Medical Expense Deduction: To take this deduction, you must 1) be an itemizer; and 2) have eligible medical expenses exceeding 10% of adjusted gross income (AGI). Then, you can deduct only the excess above 10%. A relatively small percentage of taxpayers actually take this deduction, mostly wealthy, older individuals or couples. It can be argued that the deduction encourages overuse of medical resources in some cases, but there are certainly others in which it provides relief from the hardship of an illness requiring expensive care. On the other hand, the deduction might serve to discourage the purchase of supplemental Medicare coverage by individuals who can afford it but are willing to bet that they won’t need it. Part of that bet is covered by the deduction.

The House bill would repeal this deduction in its entirety. The Senate bill would leave it untouched.

Student Loan Interest Deduction: Currently, up to $2,500 of student loan interest can be deducted “above the line” by non-itemizers, but only if their AGI is within certain limits. Higher education is often claimed to have social (external) benefits. To some extent, the student loan interest deduction helps bring the cost of an eduction to within reach of a broader swath of the citizenry. These considerations provide the rationale for public subsidies for funding tuition and other costs with debt. The tax deduction is only one of many forms of education subsidies.
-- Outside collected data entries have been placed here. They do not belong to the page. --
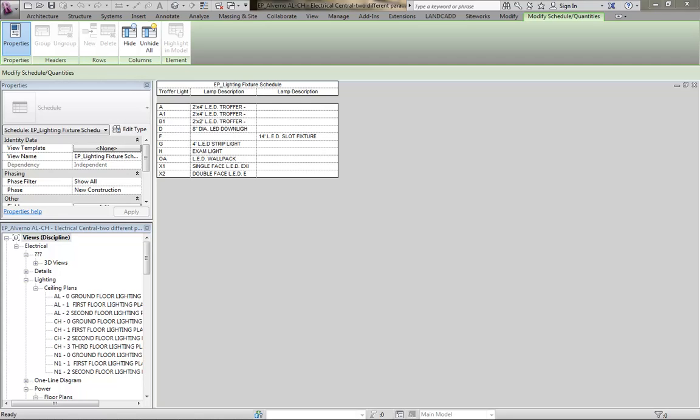I went ahead and saved a version of your project, and you'll notice here that for LightFixterF, I created a new schedule as well. There are actually two different parameters called lamp description, and if I bring them both into this schedule, you see the value for one and not for the other. That's kind of typical for a lot of the parameters, so that is the problem why your parameter values aren't showing up for F, because technically they're different parameters.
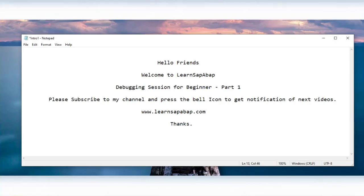Hello friend, this is Sopnel and welcome to Learn SAP ABAP. Thank you so much for your continuous support. In this session we are going to see a debugging concept. This debugging video session is basically for beginners who have started their journey in SAP ABAP, and if you are an expert experienced developer you can also watch this video and share your thoughts and suggestions in the comment section. I will try to explain everything about debugging from basics to advanced.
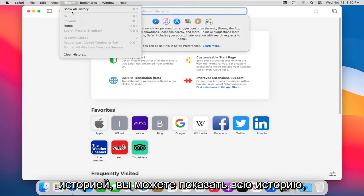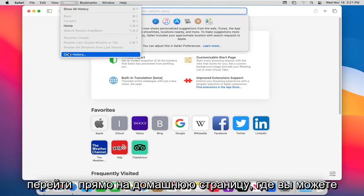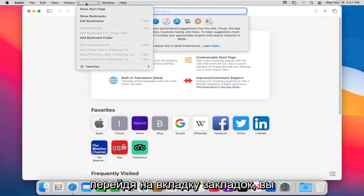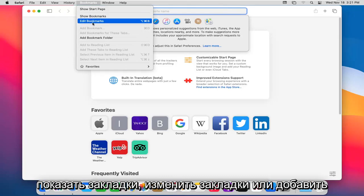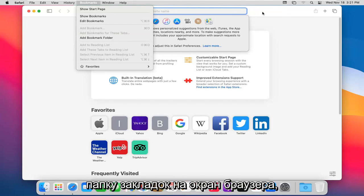History. You can show all the history which will open up a different tab. Go right to the home page or you can clear all history. Heading over to the bookmarks tab, you can show the start page, show bookmarks, edit bookmarks, or add the bookmark folder to the browser or screen.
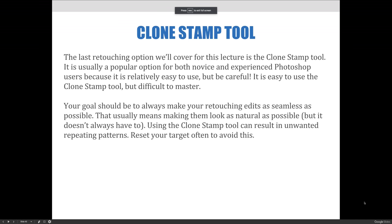The last retouching option we'll cover for this lecture is the clone stamp tool. It's usually a popular option for both novice and experienced Photoshop users because it is relatively easy to use, but you need to be careful. It is easy to use the clone stamp tool but difficult to master.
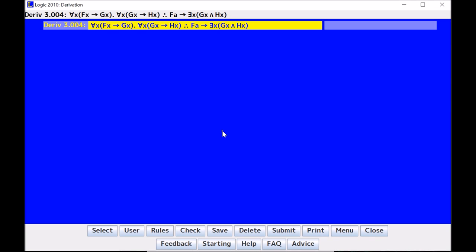In this video, I will be demonstrating some of the predicate logic skills for Logic 2010. I will go through universal instantiation, existential generalization, universal derivation, as well as existential instantiation.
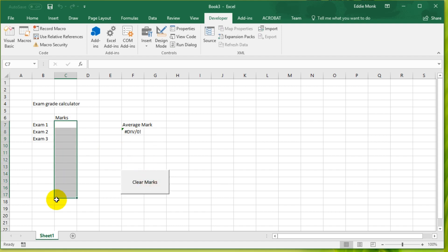Hopefully this helps you guys understand macros, which is a big first step to learning VBA. Thanks for watching guys, see you next time.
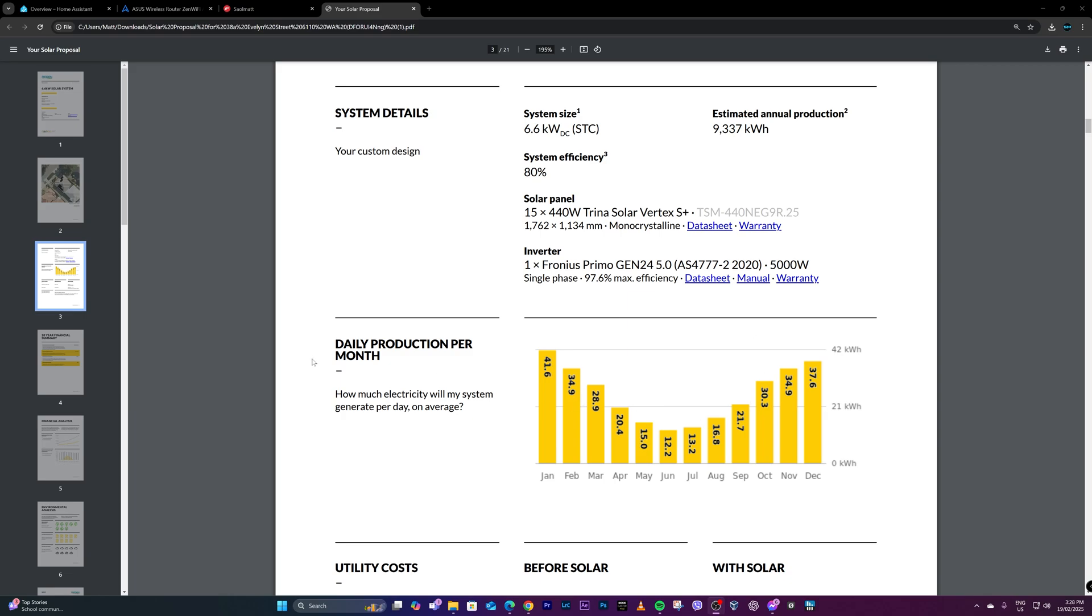This is from the solar company - this is the daily production per month, just estimated. Right now we're in February, so I still have to check this. I have to observe this in the next few months since this was just newly installed this week.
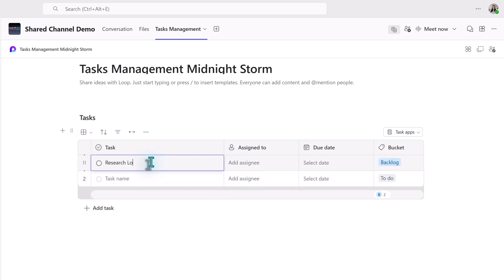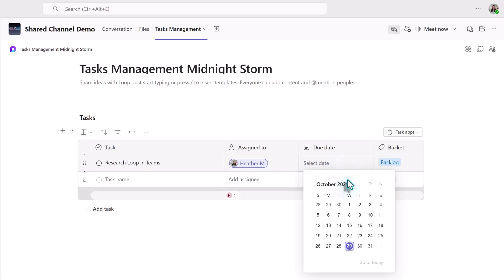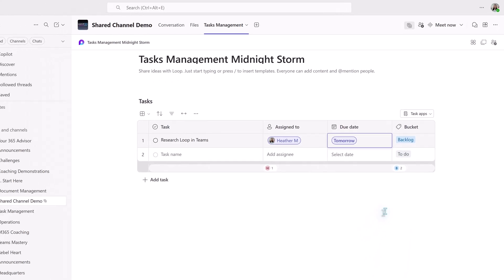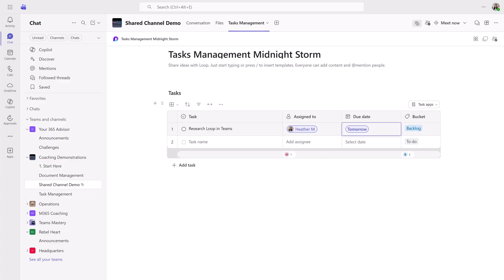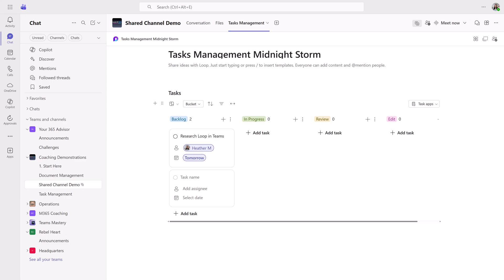I'm going to quickly create the first task by putting a title in the task field, assigning the task by searching the global address list and picking a name, and then adding a due date. Now I want to draw your attention to the left-hand side, just above the table where we have the view switcher. This is going to let us put the table into a board view now that we have a few buckets to organize with.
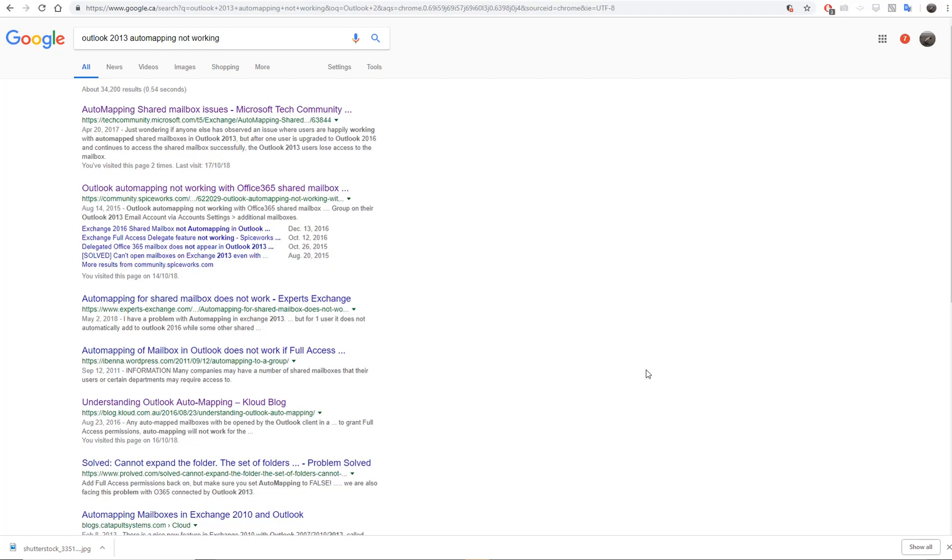Recently we had a shared mailbox that couldn't auto-map in Outlook 2013, so I did a quick search.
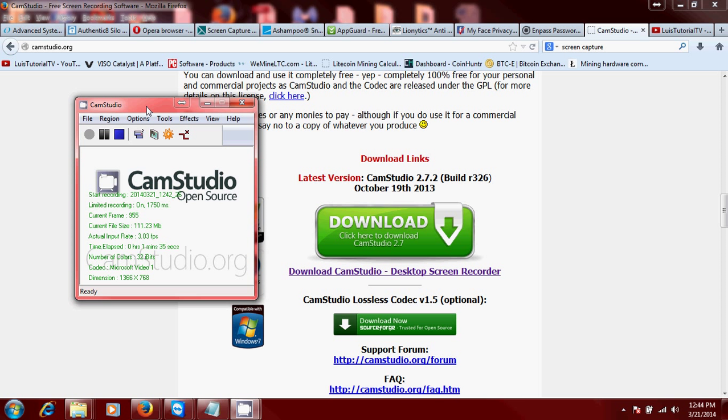The reason why I'm not using Free Screen to Video is because I'm recording on my laptop and my laptop doesn't really like Free Screen to Video that much. Sometimes it can crash on you, but CamStudio is pretty stable.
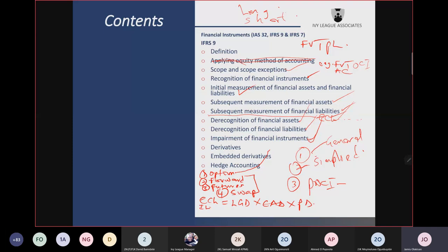The third feature of a derivative is that it is usually settled at a future date. Anything you buy today and settle today can never be a derivative. A derivative must be settled at a future date. Those are the three features. Derivatives are always measured at fair value through profit or loss. A derivative could be an asset today and turn into a liability tomorrow.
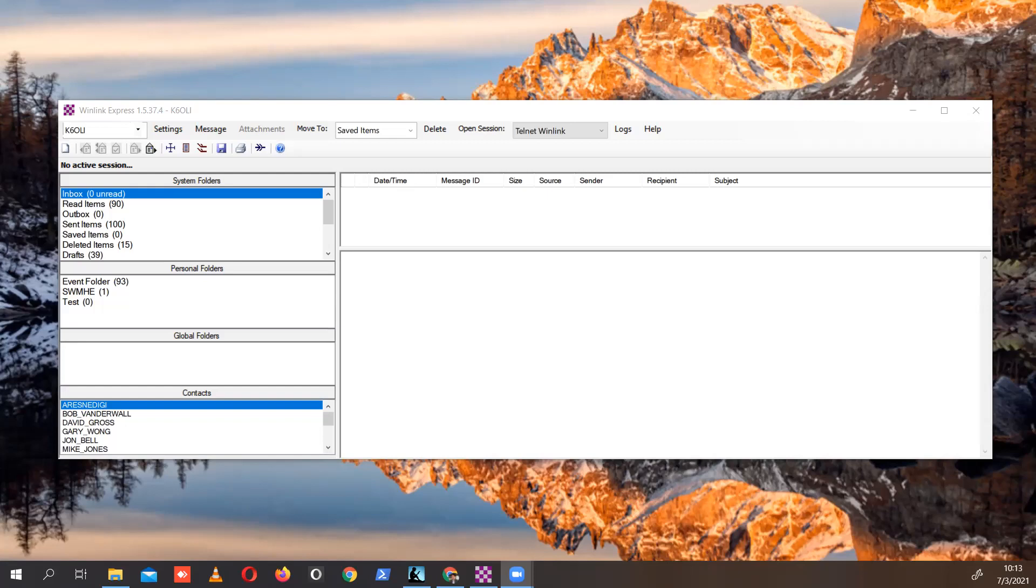Hi, this is Oliver, K6OLI, and I'm going to show you how to use the SMS form to send messages via WinLink to an SMS.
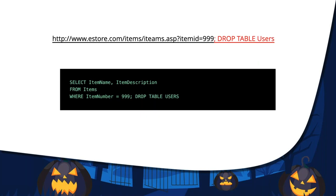Another example: attackers can take advantage of incorrectly filtered characters to alter SQL commands, such as including a semicolon to separate two different fields. By adding a semicolon and then 'DROP TABLE users', the input generates an SQL query that says: give me item name and description for item 999, but also drop the table users. As a result, your entire user database could be deleted. Your database will only understand what it's told — if you tell it to drop the users table, it's gone. Such a simple query can have devastating effects.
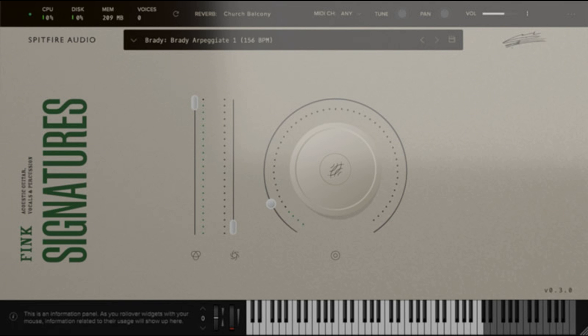9.5 GB. Fink Signatures is available as an AAX, AU, VST2, and VST3 compatible NKS-ready plugin.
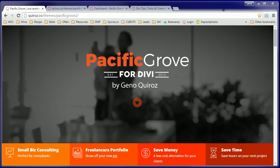Hi, my name is Gino Quiroz, and today I wanted to introduce to you Pacific Grove, a premium child theme for Divi.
Another is provided by the below-market rates at which students are able to borrow from the federal government.

The social benefits of higher education are strongly associated with the value it adds for the individual. It can be argued that as a society, we may have pushed college education well beyond that point. A large number of indebted students decide, too late, that continued enrollment has little value, so they drop out and often default on their federally-subsidized debt. Moreover, these loan subsidies stimulate the demand for college education, which leads to a certain amount of escalation in tuition and fees. These ill effects make elimination of this deduction a tempting way to broaden the income-tax base, enabling a reduction in tax rates.

The House bill eliminates the deduction for student loan interest, but the Senate bill leaves it intact.

Conclusion: There are plenty of shortcomings in both the House and Senate versions of tax reform. Three liberalizing goals of reform are tax simplification, elimination of provisions that benefit special interests, and of course lower rates. Most of the complexities in the tax code benefit special interests in one way or another. The deductions discussed above fall into that category and necessitate higher tax rates on personal income. That in turn makes the deductions more valuable to those who claim them. In terms of the liberalizing goals of reform, the House tax bill is wider ranging than the Senate version, though the Senate bill’s complete elimination of the SALT deduction is better.